In United States v. Prentiss, the government alleged that the victim of an arson was an Indian, but did not offer any proof that the victim had "Indian blood" or that the defendant lacked Indian blood. The Tenth Circuit Court rejected that position, holding that the current tests required some showing of Indian blood.

===Scholarly debate===

====Disparate treatment condemned====
The decision allows American Indians to be punished more harshly than a non-Indian who commits the same crime. Scholars have pointed out that the decision of the Supreme Court in Antelope and a predecessor case, Morton v. Mancari have "has led to disparate treatment of Indian defendants in multiple criminal contexts." Others, such as former United States Attorney Troy Eid (Note: Eid is also the chair of the Indian Law and Order Commission, charged with conducting a comprehensive study of law enforcement and criminal justice in tribal communities.) have said that "Native Americans living and working on Indian reservations must endure a separate but unequal justice system that discriminates perniciously against them solely based on race and ethnicity." Some legal scholars opine that the Court's decision is wrong, noting that the first prong of a test for tribal membership is the race of the individual (Note: Noting that a white person legally adopted into a tribe did not receive the protection of tribal membership in United States v. Rogers) and that only after the racial prong is met does the political prong apply. (Note: The racial prong of the Rogers test is:
The purpose of the first prong, requiring defendants to have Indian blood, is to "exclude[] individuals . . . who may have developed social and practical connections to an Indian tribe, but cannot claim any ancestral connection to a formerly-sovereign community. . . .")
It has been noted that if Indian were considered a race-based designation instead of a political designation, it would be unconstitutional. (Note: Meisner notes that a member of a terminated tribe is not considered to be an Indian, while a person of mixed blood who is enrolled in a tribe is an Indian.)
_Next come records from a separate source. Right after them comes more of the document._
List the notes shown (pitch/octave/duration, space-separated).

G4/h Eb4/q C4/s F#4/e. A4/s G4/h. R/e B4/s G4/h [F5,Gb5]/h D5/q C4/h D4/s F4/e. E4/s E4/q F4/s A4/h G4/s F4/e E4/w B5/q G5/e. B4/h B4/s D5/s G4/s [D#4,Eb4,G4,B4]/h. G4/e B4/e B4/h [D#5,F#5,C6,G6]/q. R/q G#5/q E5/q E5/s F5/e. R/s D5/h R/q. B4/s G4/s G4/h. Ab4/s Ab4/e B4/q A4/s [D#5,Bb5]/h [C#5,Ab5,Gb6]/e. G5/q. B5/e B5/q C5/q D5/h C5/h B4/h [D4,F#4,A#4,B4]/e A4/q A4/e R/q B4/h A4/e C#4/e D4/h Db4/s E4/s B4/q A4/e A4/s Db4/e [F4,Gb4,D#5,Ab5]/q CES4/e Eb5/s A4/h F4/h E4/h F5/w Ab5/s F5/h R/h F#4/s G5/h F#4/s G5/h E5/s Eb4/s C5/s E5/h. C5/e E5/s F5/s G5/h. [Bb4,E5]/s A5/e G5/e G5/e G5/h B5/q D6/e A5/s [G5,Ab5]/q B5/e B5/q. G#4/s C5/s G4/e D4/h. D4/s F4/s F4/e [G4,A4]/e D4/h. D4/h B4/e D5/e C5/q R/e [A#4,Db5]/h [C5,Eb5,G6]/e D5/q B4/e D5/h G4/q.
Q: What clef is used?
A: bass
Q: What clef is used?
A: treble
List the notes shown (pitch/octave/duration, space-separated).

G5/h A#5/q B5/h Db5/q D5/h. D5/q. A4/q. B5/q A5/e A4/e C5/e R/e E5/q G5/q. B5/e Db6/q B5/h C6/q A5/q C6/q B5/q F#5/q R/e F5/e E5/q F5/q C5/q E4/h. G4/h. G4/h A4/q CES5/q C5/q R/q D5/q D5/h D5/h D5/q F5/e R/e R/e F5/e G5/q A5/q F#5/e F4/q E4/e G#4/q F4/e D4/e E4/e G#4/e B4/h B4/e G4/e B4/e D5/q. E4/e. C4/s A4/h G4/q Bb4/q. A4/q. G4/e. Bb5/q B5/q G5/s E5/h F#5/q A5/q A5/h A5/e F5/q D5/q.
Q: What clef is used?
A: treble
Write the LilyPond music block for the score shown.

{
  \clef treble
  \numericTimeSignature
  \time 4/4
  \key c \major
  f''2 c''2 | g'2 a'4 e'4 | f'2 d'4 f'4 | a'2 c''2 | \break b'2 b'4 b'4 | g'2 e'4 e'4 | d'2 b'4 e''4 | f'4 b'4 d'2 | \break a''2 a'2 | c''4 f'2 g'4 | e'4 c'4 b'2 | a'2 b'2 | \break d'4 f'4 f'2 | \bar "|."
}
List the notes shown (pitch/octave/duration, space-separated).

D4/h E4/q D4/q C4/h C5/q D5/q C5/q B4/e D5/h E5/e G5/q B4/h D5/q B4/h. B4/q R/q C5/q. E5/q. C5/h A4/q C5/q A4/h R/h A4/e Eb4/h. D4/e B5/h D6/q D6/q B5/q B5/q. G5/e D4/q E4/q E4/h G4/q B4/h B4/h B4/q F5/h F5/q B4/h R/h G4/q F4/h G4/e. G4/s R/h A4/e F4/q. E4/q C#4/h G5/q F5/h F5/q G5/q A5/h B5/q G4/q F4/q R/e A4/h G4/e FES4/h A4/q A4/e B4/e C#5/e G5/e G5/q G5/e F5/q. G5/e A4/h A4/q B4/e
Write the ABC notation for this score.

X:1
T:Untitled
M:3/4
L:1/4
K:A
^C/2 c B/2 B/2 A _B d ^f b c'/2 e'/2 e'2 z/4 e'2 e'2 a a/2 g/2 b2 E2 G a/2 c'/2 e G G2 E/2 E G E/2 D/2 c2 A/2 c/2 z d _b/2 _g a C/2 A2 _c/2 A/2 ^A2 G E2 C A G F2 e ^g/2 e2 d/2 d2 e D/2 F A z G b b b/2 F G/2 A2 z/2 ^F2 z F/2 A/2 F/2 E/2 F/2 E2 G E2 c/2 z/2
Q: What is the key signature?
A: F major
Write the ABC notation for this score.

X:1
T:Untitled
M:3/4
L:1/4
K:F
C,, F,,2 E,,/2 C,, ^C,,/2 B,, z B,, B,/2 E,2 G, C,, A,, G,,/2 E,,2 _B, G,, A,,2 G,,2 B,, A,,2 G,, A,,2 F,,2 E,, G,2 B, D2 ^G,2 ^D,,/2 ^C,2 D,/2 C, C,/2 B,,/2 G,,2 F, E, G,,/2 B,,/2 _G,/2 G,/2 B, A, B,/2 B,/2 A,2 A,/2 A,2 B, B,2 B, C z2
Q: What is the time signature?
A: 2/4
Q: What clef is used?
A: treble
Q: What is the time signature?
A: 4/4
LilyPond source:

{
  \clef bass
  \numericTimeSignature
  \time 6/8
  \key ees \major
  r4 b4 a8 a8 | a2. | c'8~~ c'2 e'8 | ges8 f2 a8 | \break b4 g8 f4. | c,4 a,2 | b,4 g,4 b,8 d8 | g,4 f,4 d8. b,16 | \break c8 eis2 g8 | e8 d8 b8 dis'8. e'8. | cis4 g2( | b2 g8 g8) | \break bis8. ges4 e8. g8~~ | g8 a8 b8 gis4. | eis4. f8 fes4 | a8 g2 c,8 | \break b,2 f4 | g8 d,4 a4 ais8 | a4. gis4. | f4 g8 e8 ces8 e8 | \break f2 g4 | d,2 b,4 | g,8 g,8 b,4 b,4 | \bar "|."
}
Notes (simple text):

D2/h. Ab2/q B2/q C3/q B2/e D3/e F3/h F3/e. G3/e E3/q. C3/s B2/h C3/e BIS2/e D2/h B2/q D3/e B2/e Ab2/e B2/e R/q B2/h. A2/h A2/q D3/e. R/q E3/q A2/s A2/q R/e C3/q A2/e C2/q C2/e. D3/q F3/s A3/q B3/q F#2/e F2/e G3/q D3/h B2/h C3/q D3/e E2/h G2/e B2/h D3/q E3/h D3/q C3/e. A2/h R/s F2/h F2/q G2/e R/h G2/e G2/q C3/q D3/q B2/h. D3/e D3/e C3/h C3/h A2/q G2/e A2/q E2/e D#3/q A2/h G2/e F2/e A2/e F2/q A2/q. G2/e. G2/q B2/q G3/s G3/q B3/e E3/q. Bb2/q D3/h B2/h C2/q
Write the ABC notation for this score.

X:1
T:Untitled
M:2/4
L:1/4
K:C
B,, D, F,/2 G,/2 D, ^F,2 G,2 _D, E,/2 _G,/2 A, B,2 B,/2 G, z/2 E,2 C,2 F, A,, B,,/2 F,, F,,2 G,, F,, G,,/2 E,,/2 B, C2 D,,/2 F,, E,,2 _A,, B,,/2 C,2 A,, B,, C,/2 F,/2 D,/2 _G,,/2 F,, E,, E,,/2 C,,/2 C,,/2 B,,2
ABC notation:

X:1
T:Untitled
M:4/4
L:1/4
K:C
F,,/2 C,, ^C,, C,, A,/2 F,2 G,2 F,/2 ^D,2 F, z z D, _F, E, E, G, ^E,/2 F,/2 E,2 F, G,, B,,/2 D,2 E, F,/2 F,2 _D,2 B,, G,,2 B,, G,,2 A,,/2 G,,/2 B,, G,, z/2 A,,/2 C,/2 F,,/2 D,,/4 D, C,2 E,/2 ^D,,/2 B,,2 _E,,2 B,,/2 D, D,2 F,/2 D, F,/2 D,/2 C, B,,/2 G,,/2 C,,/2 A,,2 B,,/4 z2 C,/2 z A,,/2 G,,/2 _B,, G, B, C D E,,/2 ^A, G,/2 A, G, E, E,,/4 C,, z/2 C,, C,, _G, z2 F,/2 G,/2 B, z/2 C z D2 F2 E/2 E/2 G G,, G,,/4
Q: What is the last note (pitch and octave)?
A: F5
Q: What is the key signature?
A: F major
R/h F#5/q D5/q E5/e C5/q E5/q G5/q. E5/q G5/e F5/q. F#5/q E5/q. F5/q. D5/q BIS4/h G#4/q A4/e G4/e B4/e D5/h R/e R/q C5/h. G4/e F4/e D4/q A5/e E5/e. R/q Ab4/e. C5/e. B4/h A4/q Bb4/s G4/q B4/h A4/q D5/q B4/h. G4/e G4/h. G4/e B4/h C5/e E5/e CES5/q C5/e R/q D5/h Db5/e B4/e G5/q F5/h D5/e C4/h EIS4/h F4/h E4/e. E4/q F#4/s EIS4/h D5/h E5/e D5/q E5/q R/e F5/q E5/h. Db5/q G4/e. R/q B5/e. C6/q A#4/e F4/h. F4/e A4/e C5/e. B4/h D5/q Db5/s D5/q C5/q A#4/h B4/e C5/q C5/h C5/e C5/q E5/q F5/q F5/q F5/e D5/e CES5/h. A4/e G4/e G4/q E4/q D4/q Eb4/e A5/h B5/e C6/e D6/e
====Race-based treatment====
Later cases, such as Adoptive Couple v. Baby Girl, have apparently based the Court's decision on race instead of political alignment. Justice Sonia Sotomayor noted this in her dissent, that "It is difficult to make sense of this suggestion [that a contrary result would create equal protection problems] in light of our precedents, which squarely hold that classifications based on Indian tribal membership are not impermissible racial classifications." Another article questions whether Antelope and Rogers would survive a case where a tribe enrolled a non-Indian as a member of that tribe, believing that such a challenge would result in the end of the "some Indian blood" requirement.

====Plenary power over Indians====
Other scholars point to a series of cases, including Antelope, indicating that Congress has plenary power to regulate the Indians tribes as it sees fit.